Please transcribe the data below in full. Omit any picture you find in it.

== Task material

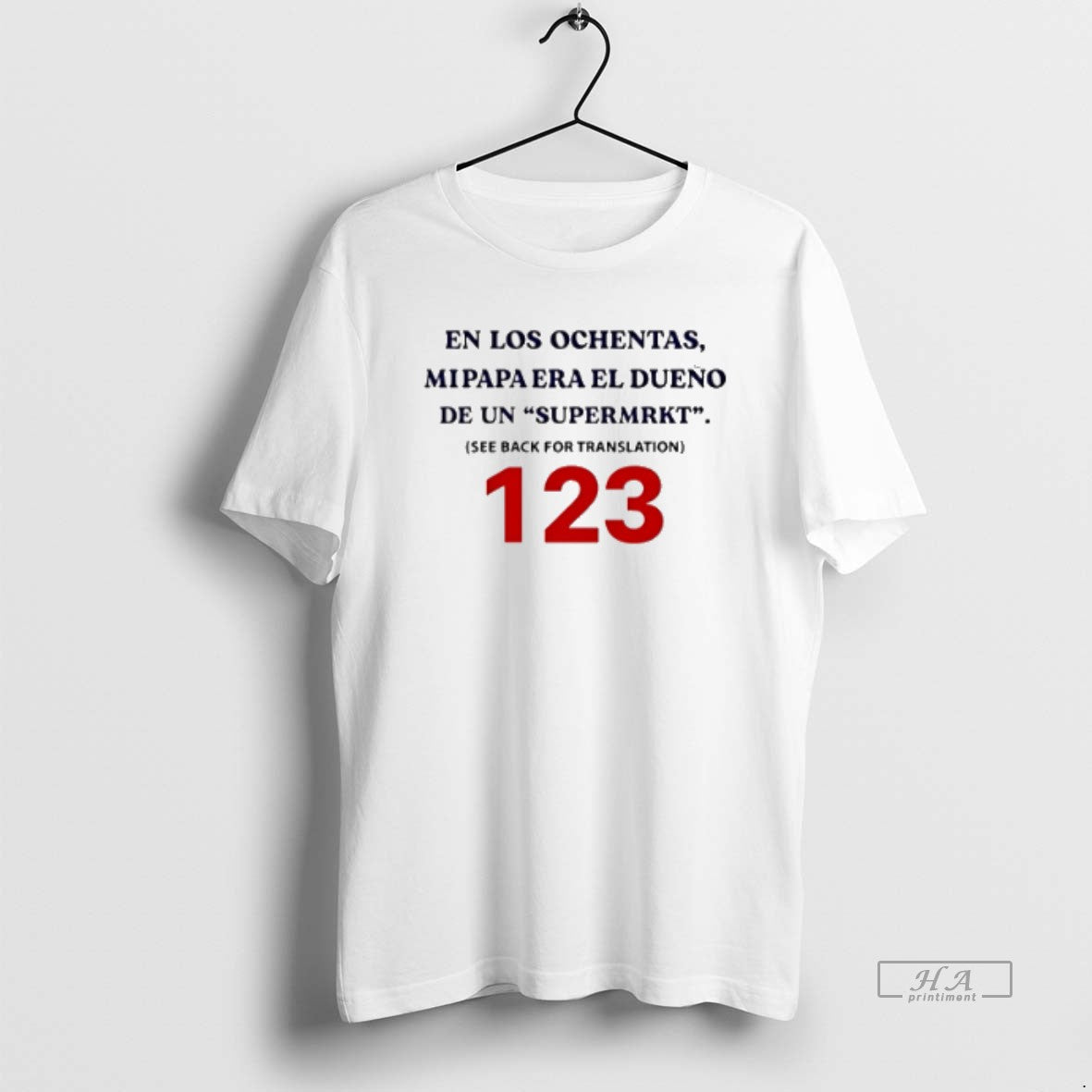 Official En Los Ochentas Mipapa Era El Dueno De Un Supermrkt - clothing by TeeHivey.com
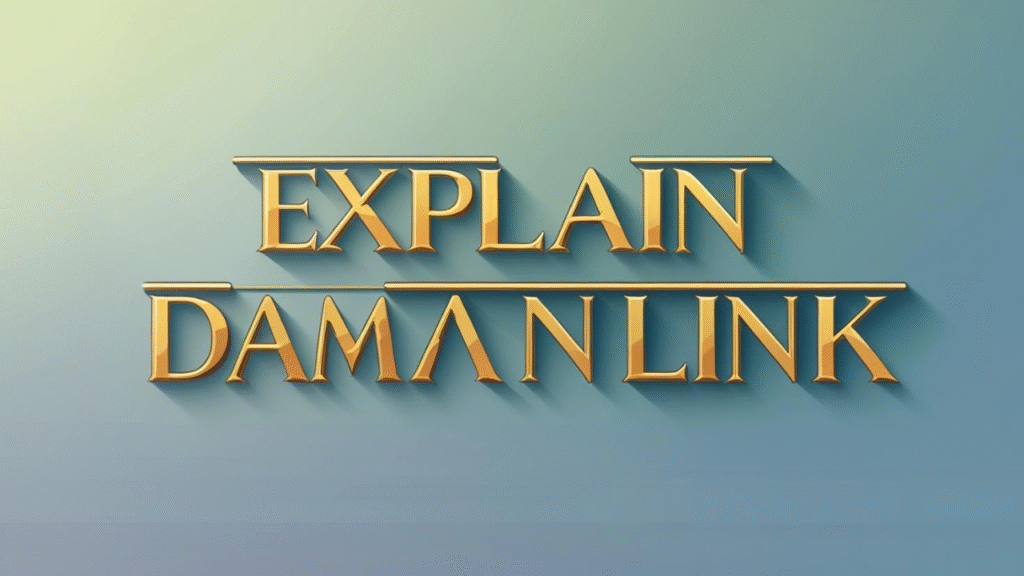 Explain Daman Link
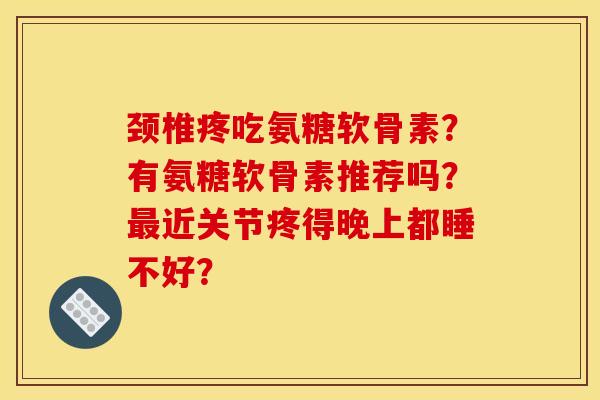 颈椎疼吃氨糖软骨素？有氨糖软骨素推荐吗？最近关节疼得晚上都睡不好？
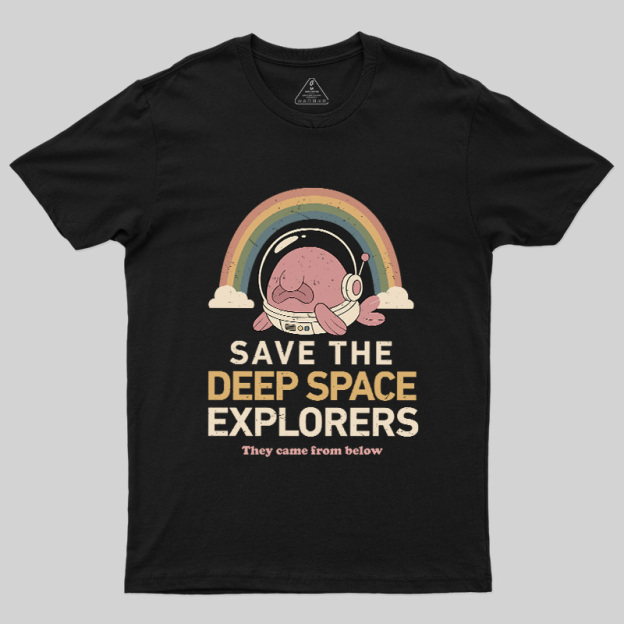 Save The Deep Space Explorers Geek T-Shirt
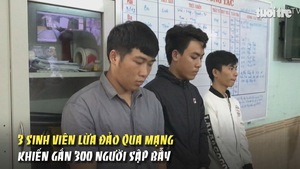 3 sinh viên lừa đảo qua mạng khiến gần 300 người sập bẫy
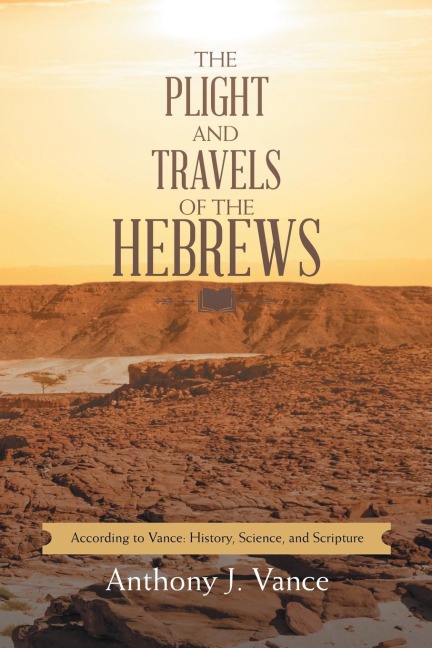 The Plight and Travels of the Hebrews: According to Vance: History, Science, and Scripture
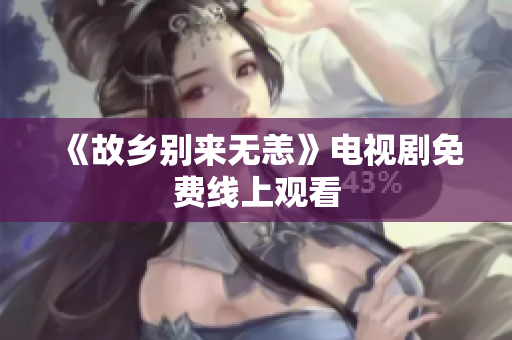 《故乡别来无恙》电视剧免费线上观看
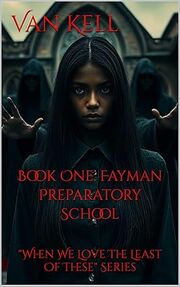 Fayman Preparatory School: When We Love The Least Of These Series's Book Image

====

**Finished task:**
 Official En Los Ochentas Mipapa Era El Dueno De Un Supermrkt - clothing by TeeHivey.com
 Explain Daman Link
 颈椎疼吃氨糖软骨素？有氨糖软骨素推荐吗？最近关节疼得晚上都睡不好？
 Save The Deep Space Explorers Geek T-Shirt
 3 sinh viên lừa đảo qua mạng khiến gần 300 người sập bẫy
 The Plight and Travels of the Hebrews: According to Vance: History, Science, and Scripture
 《故乡别来无恙》电视剧免费线上观看
 Fayman Preparatory School: When We Love The Least Of These Series's Book Image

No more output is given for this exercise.